Adding Resiliency to HA (Network Redundancy)
In the previous chapter we extensively covered both Isolation Detection, which triggers the selected Isolation Response and the impact of a false positive. The Isolation Response enables HA to restart virtual machines when “Power off” or “Shut down” has been selected and the host becomes isolated from the network. However, this also means that it is possible that, without proper redundancy, the Isolation Response may be unnecessarily triggered. This leads to downtime and should be prevented.
To increase resiliency for networking, VMware implemented the concept of NIC teaming in the hypervisor for both VMkernel and virtual machine networking. When discussing HA, this is especially important for the Management Network.

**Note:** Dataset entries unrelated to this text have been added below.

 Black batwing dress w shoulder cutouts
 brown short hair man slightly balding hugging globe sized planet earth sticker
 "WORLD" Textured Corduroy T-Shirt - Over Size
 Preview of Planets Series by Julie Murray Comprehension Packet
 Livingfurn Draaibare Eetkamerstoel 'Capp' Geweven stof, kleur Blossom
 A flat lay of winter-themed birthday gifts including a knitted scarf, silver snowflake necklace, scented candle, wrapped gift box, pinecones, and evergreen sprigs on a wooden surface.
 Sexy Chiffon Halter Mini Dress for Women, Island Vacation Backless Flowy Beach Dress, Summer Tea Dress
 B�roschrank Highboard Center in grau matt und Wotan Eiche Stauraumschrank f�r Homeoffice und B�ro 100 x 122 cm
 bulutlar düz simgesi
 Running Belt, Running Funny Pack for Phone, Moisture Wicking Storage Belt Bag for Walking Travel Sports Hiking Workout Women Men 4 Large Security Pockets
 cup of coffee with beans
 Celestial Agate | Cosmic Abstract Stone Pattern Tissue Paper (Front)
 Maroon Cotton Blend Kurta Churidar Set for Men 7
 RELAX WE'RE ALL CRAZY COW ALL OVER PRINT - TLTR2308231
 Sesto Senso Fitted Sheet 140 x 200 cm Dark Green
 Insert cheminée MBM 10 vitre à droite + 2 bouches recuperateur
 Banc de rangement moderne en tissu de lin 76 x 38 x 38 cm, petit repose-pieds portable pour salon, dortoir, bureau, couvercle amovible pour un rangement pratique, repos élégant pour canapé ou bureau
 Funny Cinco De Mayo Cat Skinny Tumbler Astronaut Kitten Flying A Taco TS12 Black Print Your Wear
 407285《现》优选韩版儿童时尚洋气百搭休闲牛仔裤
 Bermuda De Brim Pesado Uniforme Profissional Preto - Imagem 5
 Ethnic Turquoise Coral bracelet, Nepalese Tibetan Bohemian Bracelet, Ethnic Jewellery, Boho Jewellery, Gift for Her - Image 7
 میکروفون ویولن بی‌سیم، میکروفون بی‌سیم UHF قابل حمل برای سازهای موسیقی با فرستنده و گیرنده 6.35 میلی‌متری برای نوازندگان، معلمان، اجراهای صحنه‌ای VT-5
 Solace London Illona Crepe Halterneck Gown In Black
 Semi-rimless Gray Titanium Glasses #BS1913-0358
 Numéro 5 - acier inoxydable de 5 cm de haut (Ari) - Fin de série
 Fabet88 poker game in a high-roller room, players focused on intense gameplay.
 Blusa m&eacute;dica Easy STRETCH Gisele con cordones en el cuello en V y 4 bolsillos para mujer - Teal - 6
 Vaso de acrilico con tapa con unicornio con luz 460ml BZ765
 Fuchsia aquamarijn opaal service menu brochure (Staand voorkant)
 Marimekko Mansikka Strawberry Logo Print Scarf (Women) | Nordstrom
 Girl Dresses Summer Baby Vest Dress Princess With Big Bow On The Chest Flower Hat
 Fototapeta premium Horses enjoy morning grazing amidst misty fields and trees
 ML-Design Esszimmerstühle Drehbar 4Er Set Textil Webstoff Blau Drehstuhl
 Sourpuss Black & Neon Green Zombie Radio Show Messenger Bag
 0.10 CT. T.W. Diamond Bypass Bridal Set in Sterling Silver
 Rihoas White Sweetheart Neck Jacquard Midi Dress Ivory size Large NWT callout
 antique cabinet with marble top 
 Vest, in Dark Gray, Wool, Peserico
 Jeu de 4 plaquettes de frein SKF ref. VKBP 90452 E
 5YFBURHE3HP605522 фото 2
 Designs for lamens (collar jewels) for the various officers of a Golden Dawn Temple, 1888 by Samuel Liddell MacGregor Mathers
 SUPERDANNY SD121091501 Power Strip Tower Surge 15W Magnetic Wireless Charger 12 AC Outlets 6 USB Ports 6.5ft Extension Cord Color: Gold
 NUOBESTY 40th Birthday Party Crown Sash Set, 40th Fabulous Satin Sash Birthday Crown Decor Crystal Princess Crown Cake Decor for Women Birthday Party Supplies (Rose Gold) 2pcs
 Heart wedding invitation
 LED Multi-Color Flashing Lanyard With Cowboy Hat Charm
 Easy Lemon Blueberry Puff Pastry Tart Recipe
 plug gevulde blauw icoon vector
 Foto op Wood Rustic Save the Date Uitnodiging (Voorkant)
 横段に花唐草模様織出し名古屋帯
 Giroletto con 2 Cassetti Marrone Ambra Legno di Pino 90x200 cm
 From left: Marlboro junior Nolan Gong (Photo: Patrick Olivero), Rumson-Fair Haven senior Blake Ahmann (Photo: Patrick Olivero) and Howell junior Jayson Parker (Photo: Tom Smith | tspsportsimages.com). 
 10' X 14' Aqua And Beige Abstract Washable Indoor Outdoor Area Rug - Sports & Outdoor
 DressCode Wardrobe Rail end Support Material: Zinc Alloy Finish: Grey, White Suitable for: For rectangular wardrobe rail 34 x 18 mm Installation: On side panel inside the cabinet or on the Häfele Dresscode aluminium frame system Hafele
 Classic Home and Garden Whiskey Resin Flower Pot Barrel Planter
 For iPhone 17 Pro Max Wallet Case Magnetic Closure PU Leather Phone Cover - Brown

NIC teaming is the process of grouping together several physical NICs into one single logical NIC, which can be used for network fault tolerance and load balancing.
Using this mechanism, it is possible to add redundancy to the Management Network to decrease the chances of an isolation event. This is, of course, also possible for other “Portgroups” but that is not the topic of this chapter or book. Another option is configuring an additional Management Network by enabling the “management network” tick box on another VMkernel port. A little understood fact is that if there are multiple VMkernel networks on the same subnet, HA will use all of them for management traffic, even if only one is specified for management traffic!
Although there are many configurations possible and supported, we recommend a simple but highly resilient configuration. We have included the vMotion (VMkernel) network in our example as combining the Management Network and the vMotion network on a single vSwitch is the most commonly used configuration and an industry accepted best practice.
- 2 physical NICs
- VLAN trunking
- 2 physical switches
- If available, enable “link state tracking” to ensure link failures are reported
The vSwitch should be configured as follows:
- vSwitch0: 2 Physical NICs (vmnic0 and vmnic1).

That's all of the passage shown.